E nel frattempo Emily è sola; similmente al padre tenta di accettare le proprie paure organizzandole, trasferendole su carta con innumerevoli disegni, instaurando un dialogo con esse, fatto di giochi, fatto di regole, nuove regole per nuove situazioni.

Charlie non vuole che si parli troppo di lui, Charlie ama starsene nel buio, Charlie gioca a terrorizzare David, Charlie irrompe nel reale e sembra ben presto reclamare un posto al di fuori della fantasia di una bambina.

Nascosto nel buio basa la sua efficacia su una sceneggiatura interessante e ricca di spunti, confinata in una dimensione claustrofobia e opprimente che genera atmosfere cupe ed evoca paure ancestrali. John Polson, alla sua seconda regia, sfrutta il materiale con intelligenza, giocando con l'ambiguità dei dialoghi e delle situazioni; immagini nascoste, non rivelate, occhieggianti da dietro una porta, celate da una tenda da bagno, velate dal fitto bosco autunnale. Senza mai ergersi al di sopra dei suoi personaggi, rinunciando all'onniscienza dell'autore, portando avanti un suggestivo rapporto con il non visto e ci trascina all'interno di un mondo di incertezza. L'unica certezza è la concretezza di Charlie (tratto che echeggia anche troppo chiaramente i fantasmi del cinema horror orientale contemporaneo), che la macchina da presa continua a inseguire senza riuscirci con grande tensione poetica.

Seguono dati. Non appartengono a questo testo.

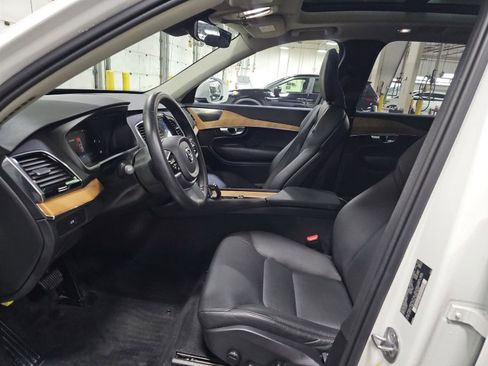 Certified 2024 Volvo XC90 B5 Plus w/ Protection Package Premier AWD/4WD image 5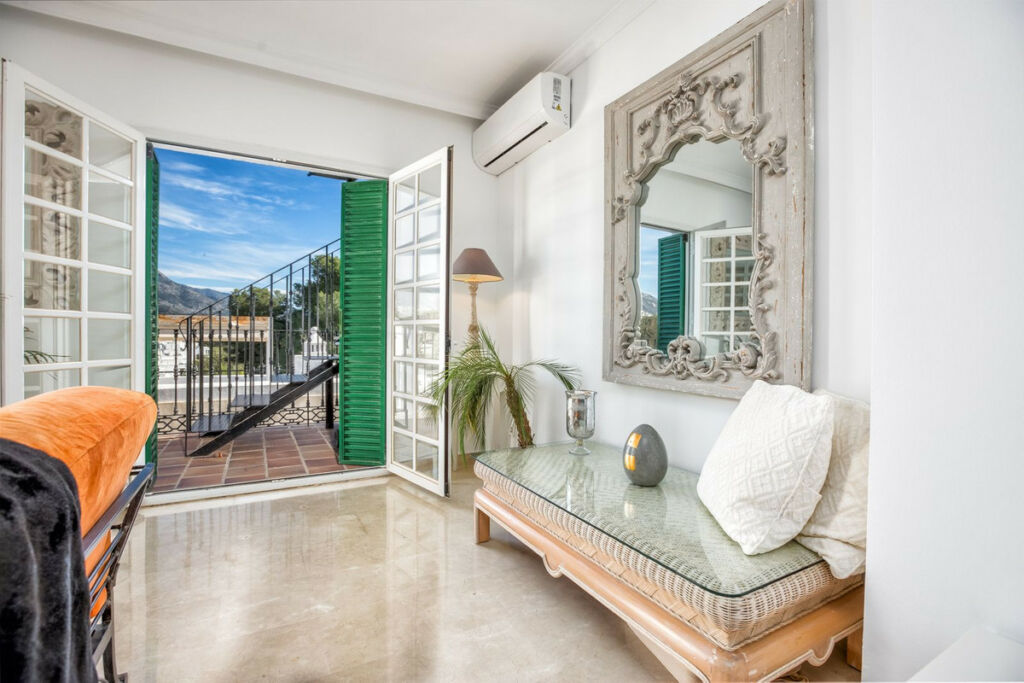 Townhouse Aloha Málaga - image 55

Gli espedienti più facili per suscitare la tensione dello spettatore (le varie tecniche del "Buh!"), sono usate con parsimonia e misura e si riesce ben presto a farsi cullare dalla paura, a gustarla fino in fondo, ad ammirarla senza quel fastidioso senso di attesa di improbabili esplosioni sonore e apparizioni improvvise, mezzucci da galleria di luna park che ancora funestano tanto cinema dell'orrore.

Un film a suo modo originale; potente, solo in parte castrato da un finale scellerato che riesce a minare in pochi minuti la memoria di tutto quanto fino a quel momento era stato sapientemente costruito.